Throughout her career, she maintained and expanded this database, as later spacecraft missions returned increasingly detailed images of Mars. Nadine used the morphologies of layer ejecta to determine the depths to subsurface reservoirs of volatiles on Mars . She identified and quantified the different degradation processes affecting Martian craters. She investigated the role of the historical change of Mars’ pole obliquity on the formation and degradation of high-latitude craters in the creation of Low-Aspect-Ratio Layered Ejecta and Pedestal craters observed only at mid-to-high latitudes on Mars . She compared layered ejecta and central pit crater structure from Mars − having both an atmosphere and ground water/ice, and Ganymede − having ground ice but no atmosphere, to determine what effect an atmosphere plays in the formation of these surface layers. She authored the textbook Mars: An Introduction to its Interior, Surface, and Atmosphere in 2008 , which was updated and reissued in 2014 . Asteroid 15466 Barlow is named in her honor by the International Astronomical Union.
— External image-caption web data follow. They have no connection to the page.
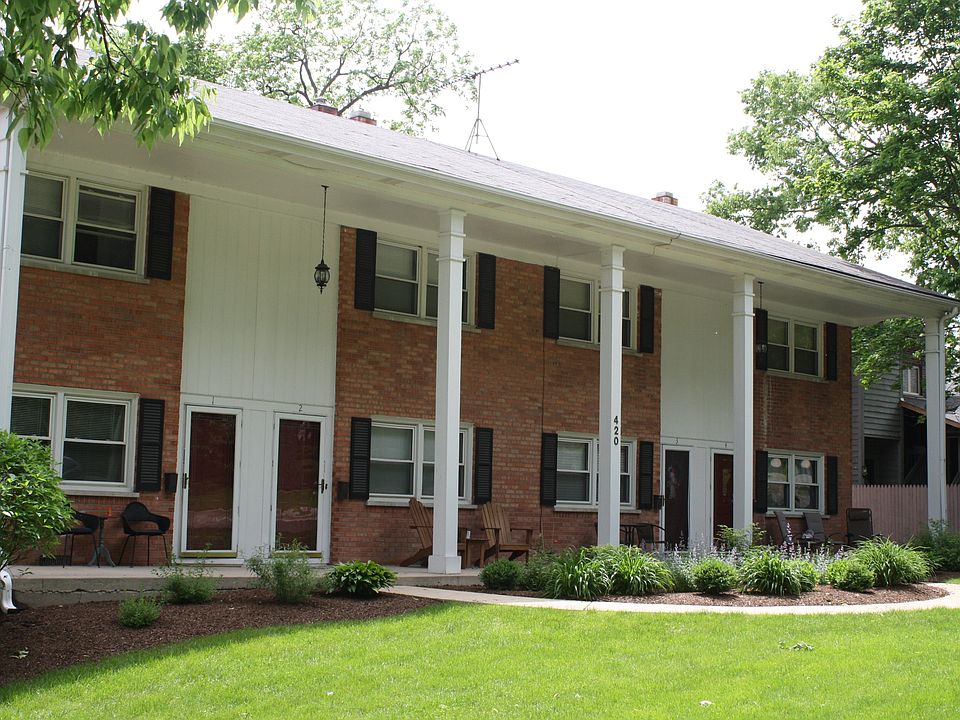 1st image of 321 Oak St APT 3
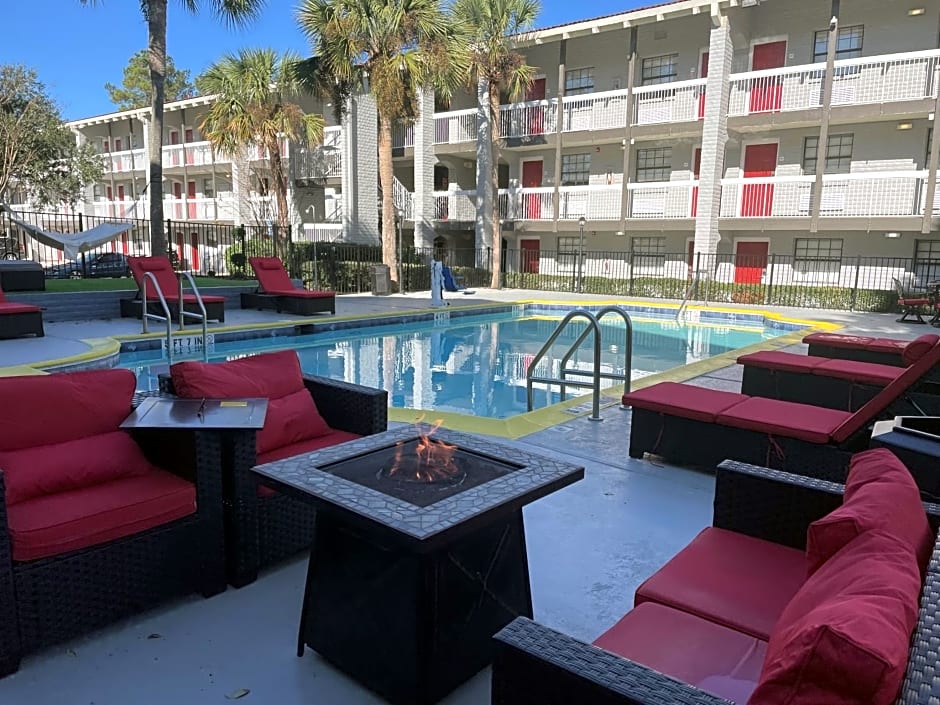 Casa Bella Inn & Suites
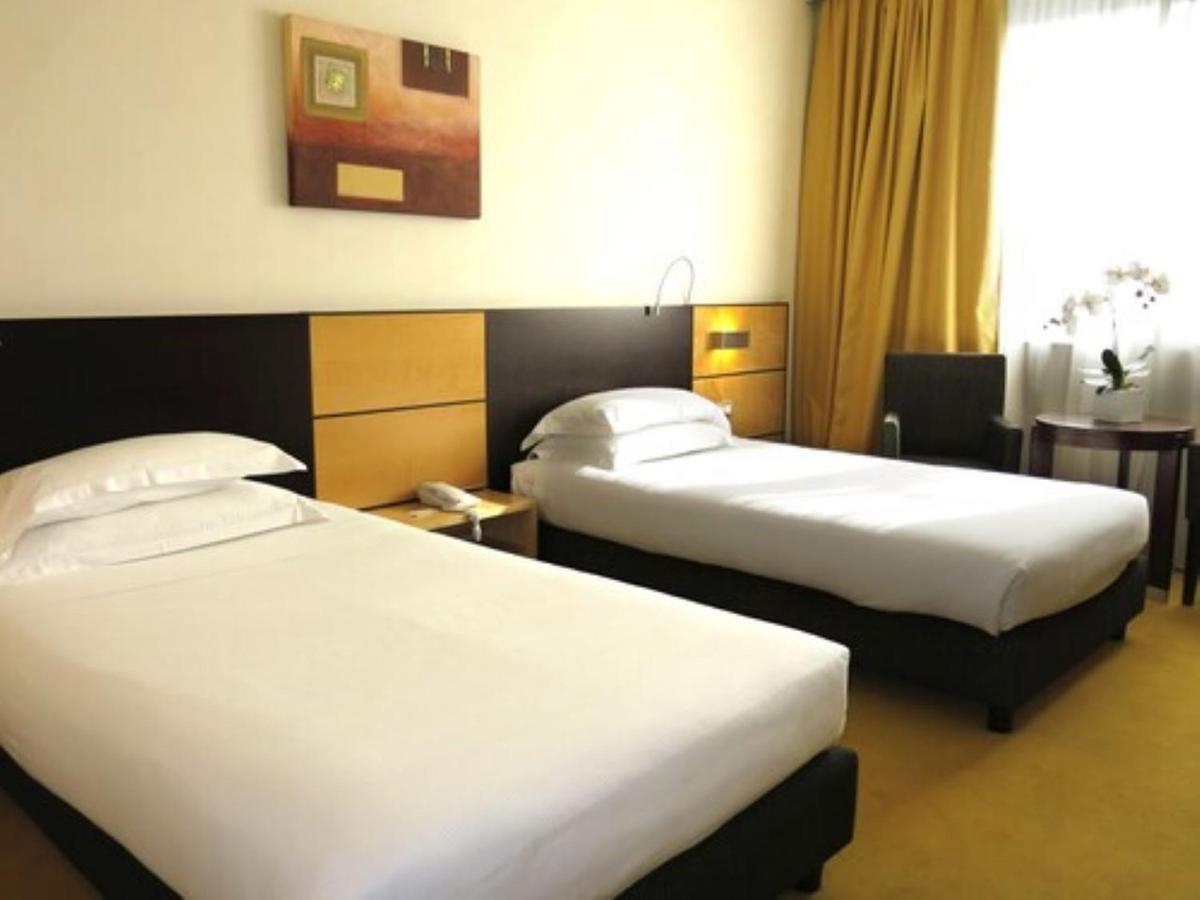Best Western Plus Hotel Le Favaglie Cornaredo Exterior photo
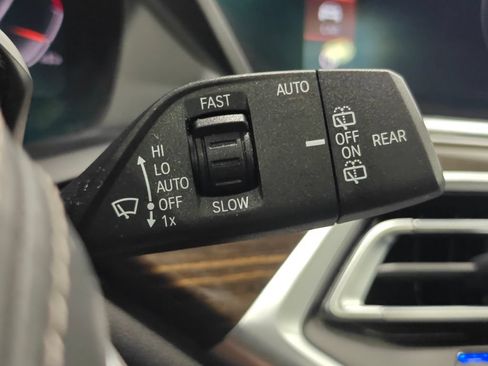 Used 2021 BMW X5 xDrive40i w/ Premium Package 2 AWD/4WD image 71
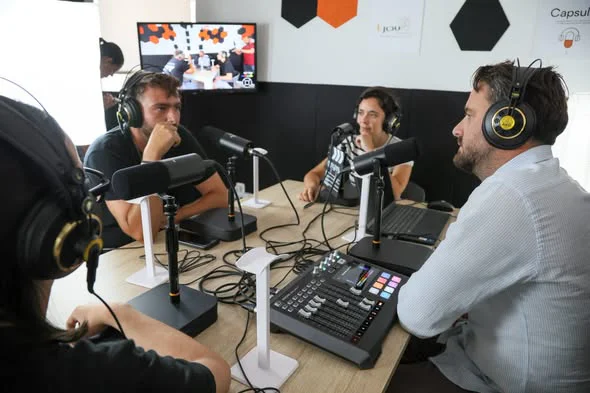 el gobierno de lorca pone en marcha ''cápsula 13'', una sala de podcast para potenciar el talento y la comunicación digital entre los jóvenes3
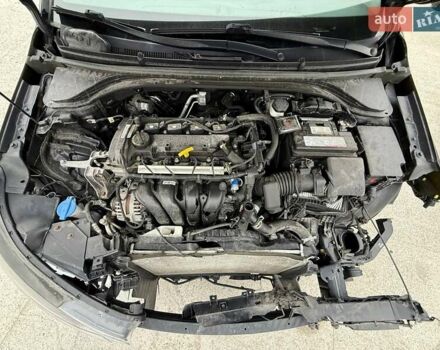 Черный Хендай Элантра, объемом двигателя 2 л и пробегом 90 тыс. км за 8500 $, фото 16 на Automoto.ua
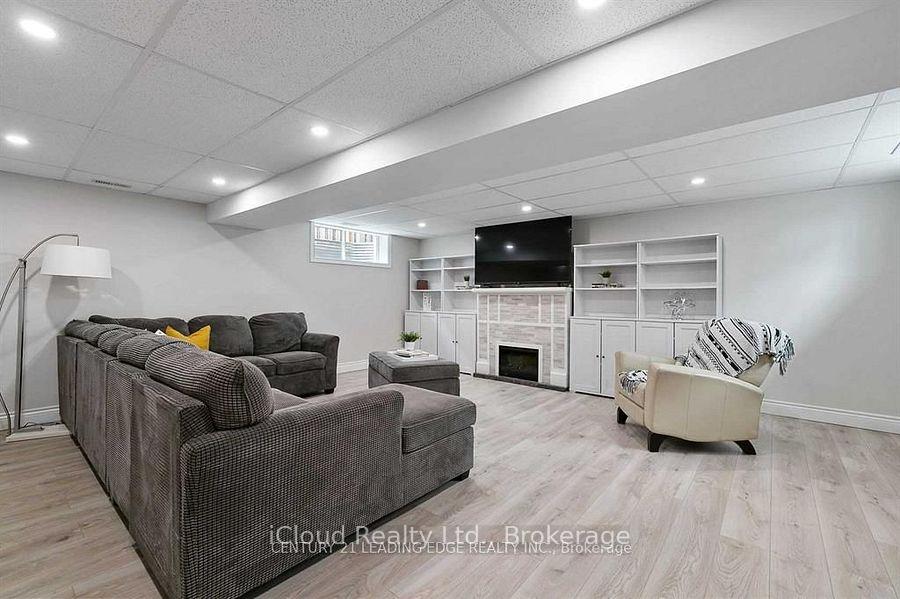 Photo 12 of 745 Reid Crescent, North Perth, Listowel — HOMEH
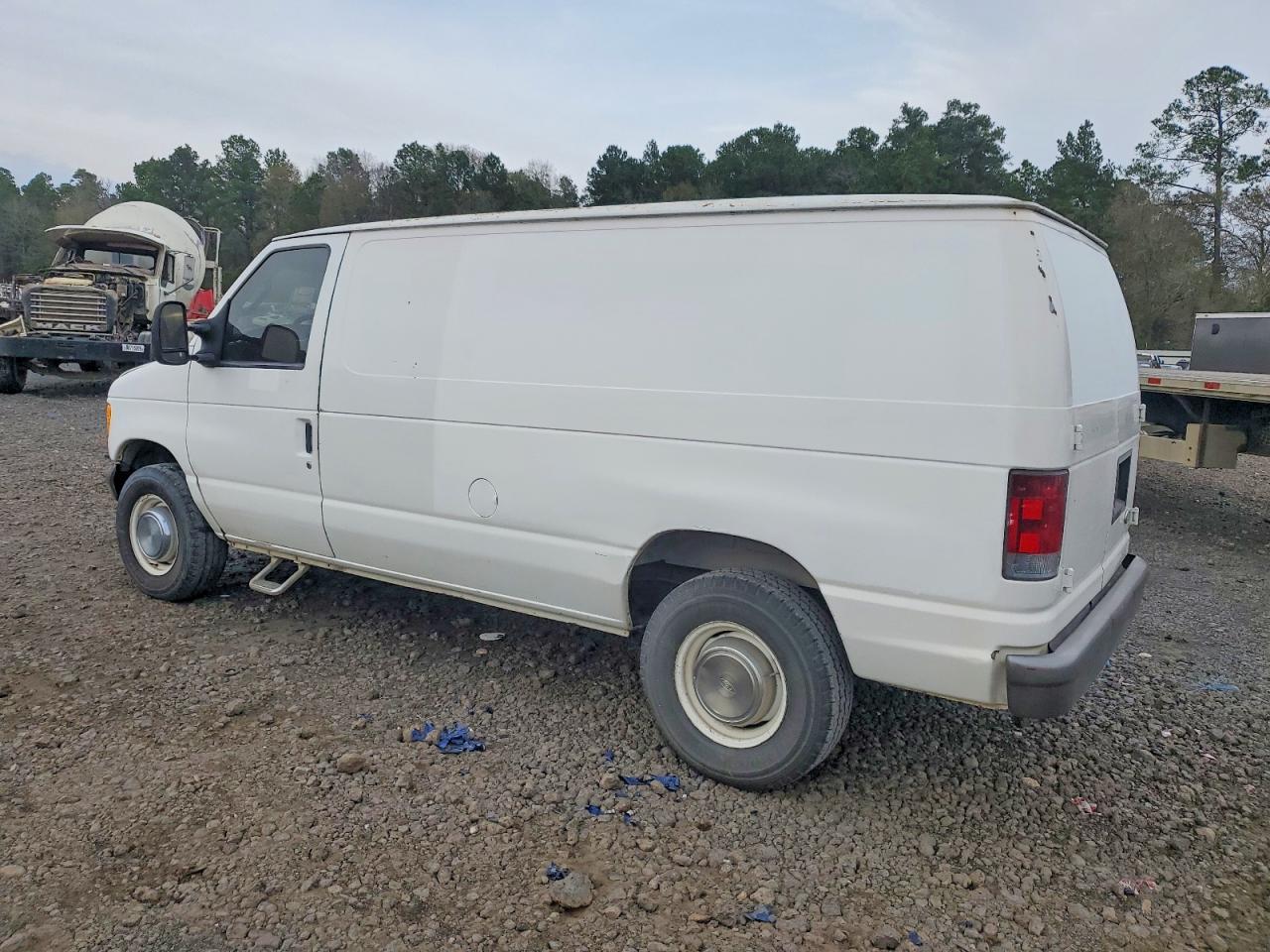 2003 Ford Econoline E250 Van - Фото 2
Nadine was central to the creation of the Mars Crater Consortium in the late 1990s. This has become the Planetary Data Consortium, comprising about 30 international impact-cratering specialists. It provides a forum for the discussion of studies of the morphology, occurrence, effects, and implications of impact craters on all planetary bodies, and is open to anyone interested in the study of impact crater morphology and morphometry and their populations on planetary bodies. Nadine served as the chair of this consortium for the first 15 years of its existence, establishing its direction and character.
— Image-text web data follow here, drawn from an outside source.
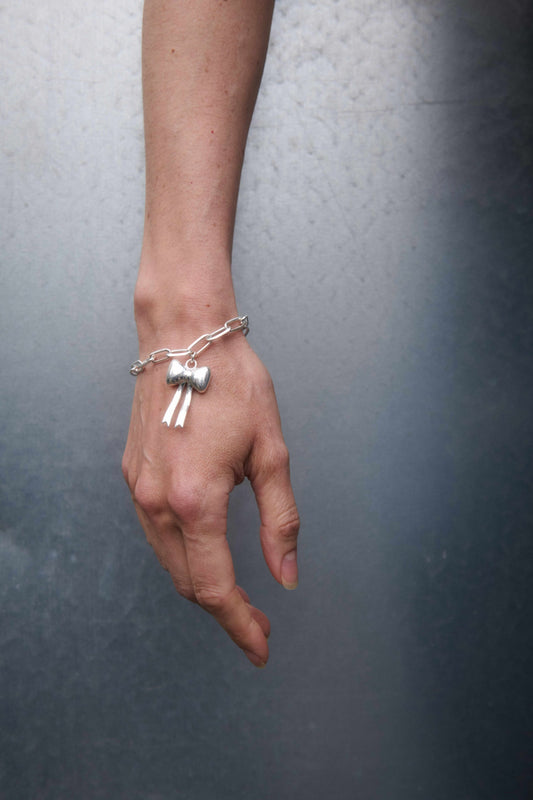 BOW BRACELET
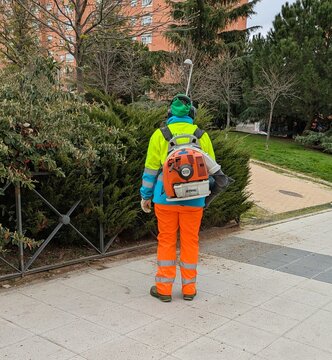 Trabajador utilizando un soplador de hojas de mochila  marca STIHL, limpiando un seto de un jard&iacute;n p&uacute;blico de Madrid, Espa&ntilde;a, 20 de marzo de 2026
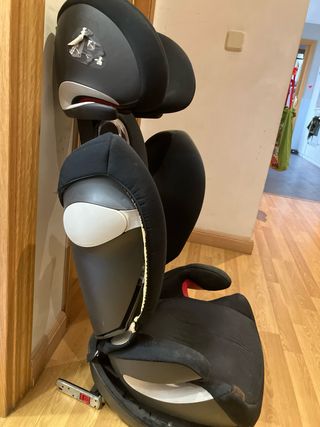 Sillita de coche Cybex negra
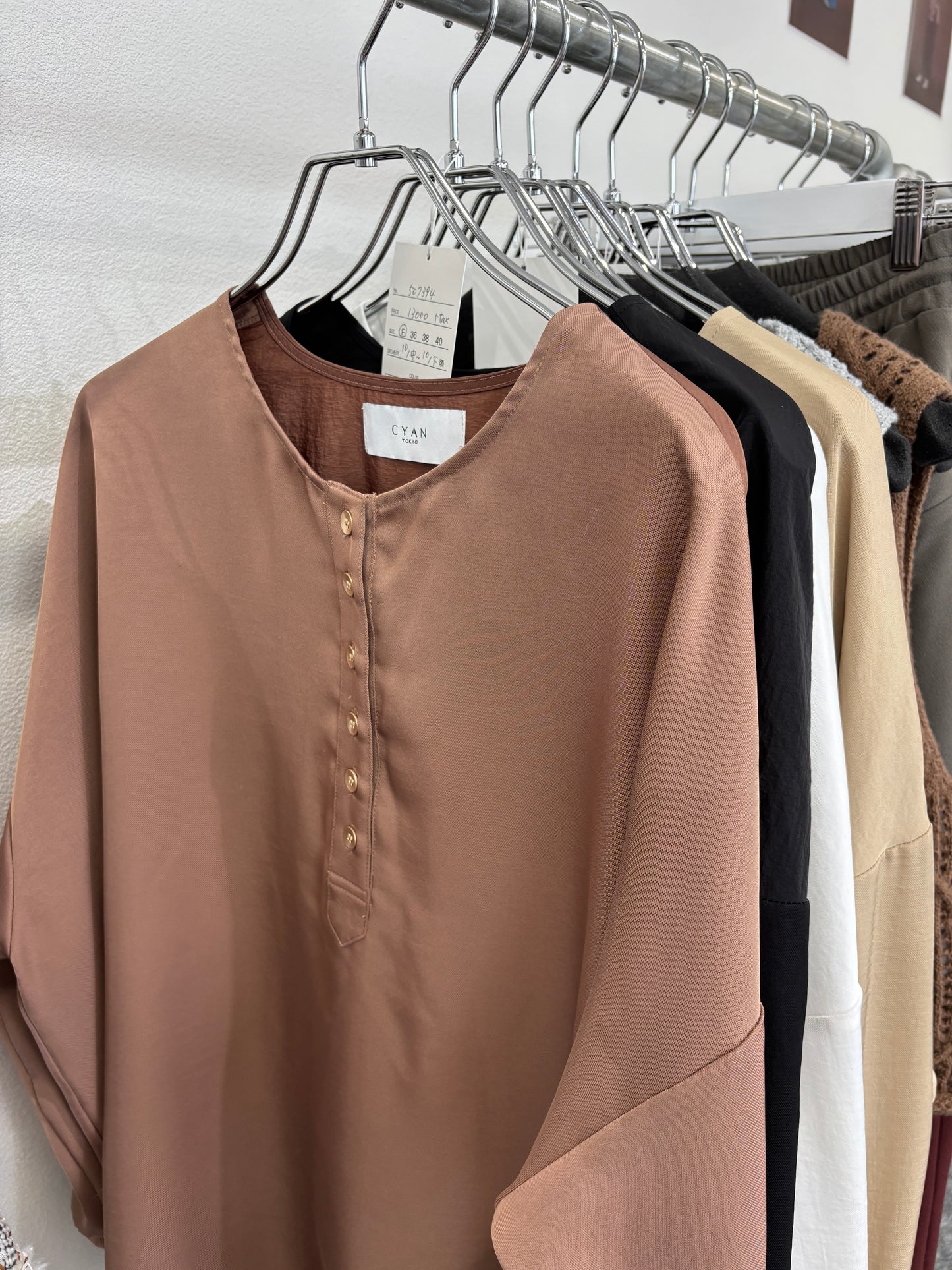 【予約販売】グロッシーヘンリーリブブラウス/507394/CYAN tokyo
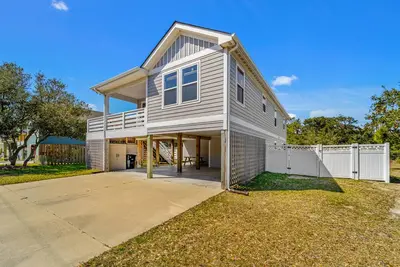 Image de Spacious home near the beach with private pool, enclosed yard & bikes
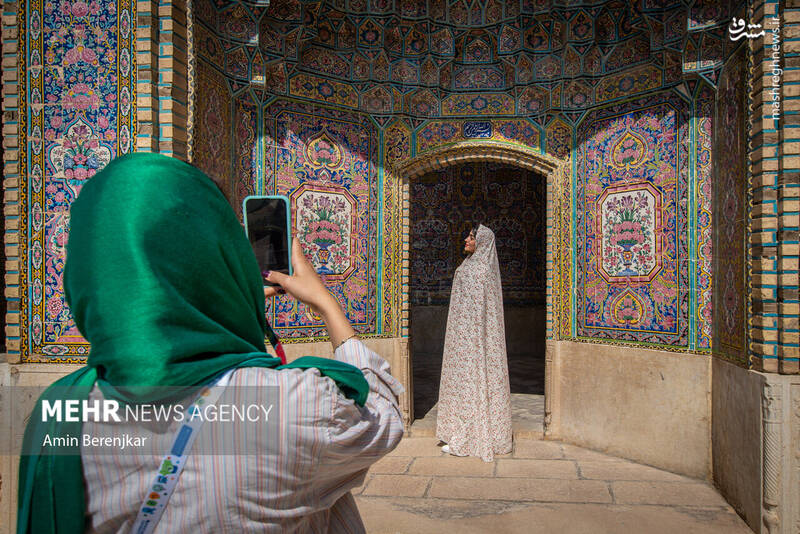 عکس/ حال و هوای نوروز در مسجد نصیرالملک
The wider planetary science community also benefited from Nadine’s involvement. She served the Division for Planetary Sciences, American Astronomical Society, as Press Officer, Treasurer, and on the governing committee. She served on the Meteoritical Society’s Barringer Award Committee. Nadine brought the Arizona Space Grant Program to NAU, and fostered cooperation between NAU, Lowell Observatory, and the US Geological Survey. She served as the Director, NAU Space Grant Program and Associate Director, Arizona Space Grant Consortium.
Friends and colleagues remember Nadine’s positive outlook toward life, describing her thusly: “When I think of her, I think of her smiling and laughing.” “She was always so upbeat and uplifted those around her.” “I met her once at a conference and she was the kindest, most gracious person you'd come across in the room.”
Nadine loved her cats, Mexican cuisine, travel, baseball (especially the California Angels), anything purple, and the geology of Flagstaff. She had a special affinity for Meteor Crater, where some of her ashes were scattered. The rest of her remains are buried next to her parents in Minnesota. She is survived by her sister, Sharlyn Hayden of Reno, Nevada, several nieces and nephews and their families.
Throughout her career, Nadine made many lifelong friends, and she will be missed by all of us.